Als Großbritannien-Korrespondentin schrieb ich gerne über erfolgreiche Politikerinnen. Nicola Sturgeon war eine von ihnen. Besonders interessant fand ich bei den Berichten für den Watch-Salon, wie die britischen Medien Sturgeon zunächst gnadenlos in die Pfanne hauten und sie später genauso bedenkenlos bejubelten. Ich halte Nicola Sturgeon nach wie vor für eine gute und glaubwürdige Politikerin. 

Noch vor einem Monat sah es so aus, als müsse Sturgeon demnächst zurücktreten. Ihrem Vorgänger, Alex Salmon, hatten neun Frauen sexuelle Übergriffe und eine Vergewaltigung vorgeworfen. Er wurde verhaftet, aber vor Gericht von allen Vorwürfen freigesprochen. Daraufhin befand eine Untersuchungskommission des schottischen Parlaments, dass Sturgeon das Parlament in die Irre geführt habe. Eine weitere Untersuchung ergab jedoch, dass Sturgeon zwar Fehler gemacht, aber keine Regeln verletzt habe. Sie musste also nicht zurück treten, aber bei der Parlamentswahl am 6. Mai wird das Ganze ihre Partei sicher Stimmen kosten. 

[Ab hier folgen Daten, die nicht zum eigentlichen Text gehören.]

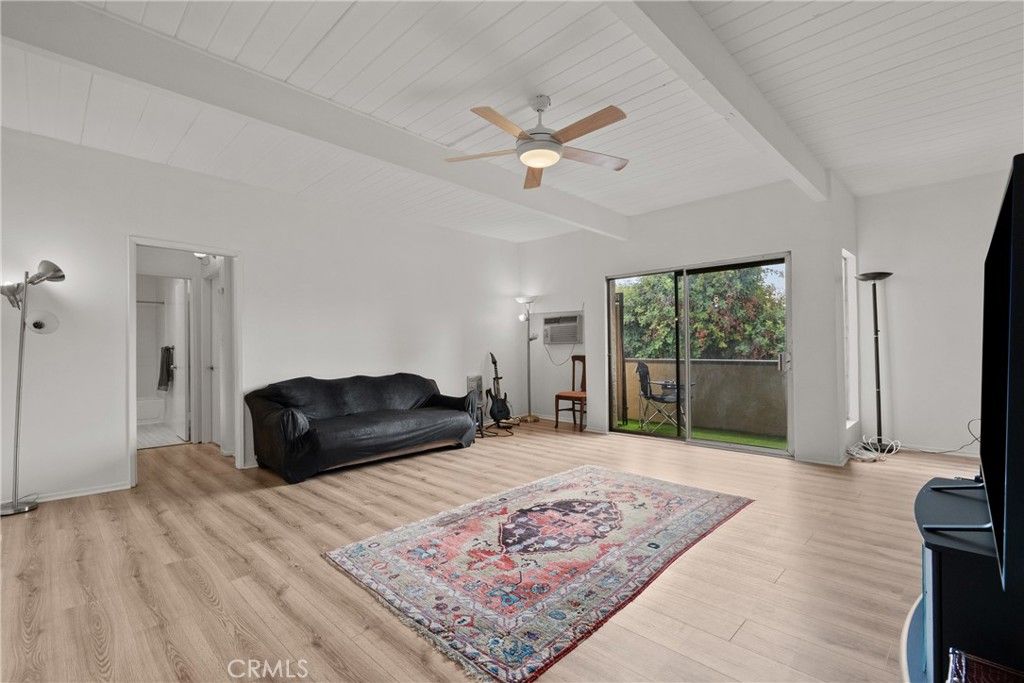 Photo of 12014 Kling St #23, Valley Village, CA 91607 (MLS # SR25245736)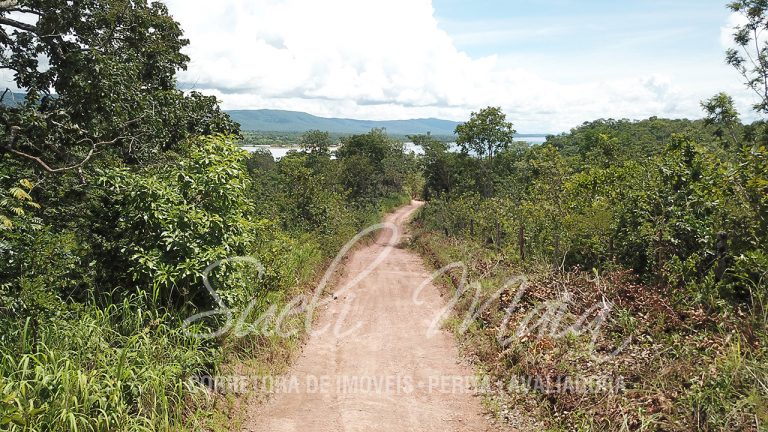 Área urbana ideal p/ loteamento de frente para o lago de Minaçu/GO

Dennoch hat Sturgeons Scottisch National Party (SNP) gute Chancen, die Wahlen zu gewinnen. Sie will dann nochmals ein Unabhängigkeits-Referendum abhalten. Falls die Mehrheit der Schott*innen für die Abspaltung von Großbritannien votiert, könnte Schottland schon bald den Antrag auf Wiedereintritt in die EU stellen.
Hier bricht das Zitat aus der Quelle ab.